The full test can now be carried out again with a new board sample to check that the fence correction has been successful. Most woodworkers aim for a corrected value of e = ± 0.001 of an inch. (a 1000th), which occurs when the 5th cut piece is measuring the same at both A and B. This is achievable with some effort.

 

Where the calculated value of e is positive:

The fence must be moved backwards (assuming you are making the adjustment on the LHS).

Place the pointed batten snugly against the fence at the marked location and clamp it down.

Now loosen the fence and place a feeler gauge of value e (or one closest to that value) between the point of the batten and the fence. Hold the fence snugly against the feeler gauge and clamp it down. Now secure the fence with a screw.

 

Note that where the feeler gauge does not exactly match the value e, we are left with no option but to use the feeler gauge of value closest to that value. This will result in a small residual error. How do we deal with this? The solution is to repeat the test and adjust the fence again. The adjustment this time will be smaller than it was with the first test. A number of tests may be required until we get to an e value of = ± 0.001 of an inch.

Once you are happy that the fence is properly calibrated secure it with a number of screws drilled and countersunk from below.

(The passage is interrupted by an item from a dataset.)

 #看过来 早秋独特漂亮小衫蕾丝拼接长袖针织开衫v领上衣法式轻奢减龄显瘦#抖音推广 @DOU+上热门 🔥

Let us do a hypothetical calculation.

We are at all times working in inches, decimalized.

Say A = 0.850

And B = 0.839

A – B = 0.011 divided by 4 = 0.00275

If the length of the cut is L = 24, we divide by this to give 0.00011458

Now, assume fence length of D = 28.5, so multiplying 0.00011458 by 28.5 gives 0.00326

Or just over 3/1000ths.  As we do not have a feeler gauge of 3.26/1000ths, we can only adjust the fence (backwards in this case) by 3/1000ths and a further run of the test will be required to correct the small residual error.

As you can see, the 5th Cut method tends to be a bit laborious.

 

The Dial Indicator Method

It is also possible to calibrate a crosscut sled fence using a dial indicator. There is a certain elegance and simplicity to this system but of course, you have to own a dial indicator to do it. It obviates the need for repeated 5th cut tests and will usually bring a faster result. There is also no need for maths. The setup is shown below. Using the longest engineering square that you have (that will fit in the sled) touch the indicator off the square while holding the square firmly against the fence, then move the sled forwards (the dial indicator is held to the saw table with a magnet in this case). If the dial moves, the fence is out of adjustment. Ideally, the needle should hover around ±1000th of an inch.

Bird’s-eye view of the Dial Indicator set-up. A magnetic base fixes the unit to the saw table.  An engineering square is held against the fence while the sled is pushed forward. A longer square than the one shown would be better. Note: the pivot point of the sled is clearly visible in the picture. Note also, the hardwood face on the fence.

 

It is necessary to build a simple micro-adjuster into the sled behind the adjustment point, that is, the point furthest away from the pivot point to complete this test. Without a lead screw to make tiny adjustments you will find yourself trying to move the fence back and forth manually time and again and continually missing the target. Nothing fancy is required; just a small bracket drilled and threaded to take a machine screw. The micro-adjuster helps in making the tiny adjustments required and can be used again in the future if the fence should fall out of alignment. I usually include one when I am building a new sled.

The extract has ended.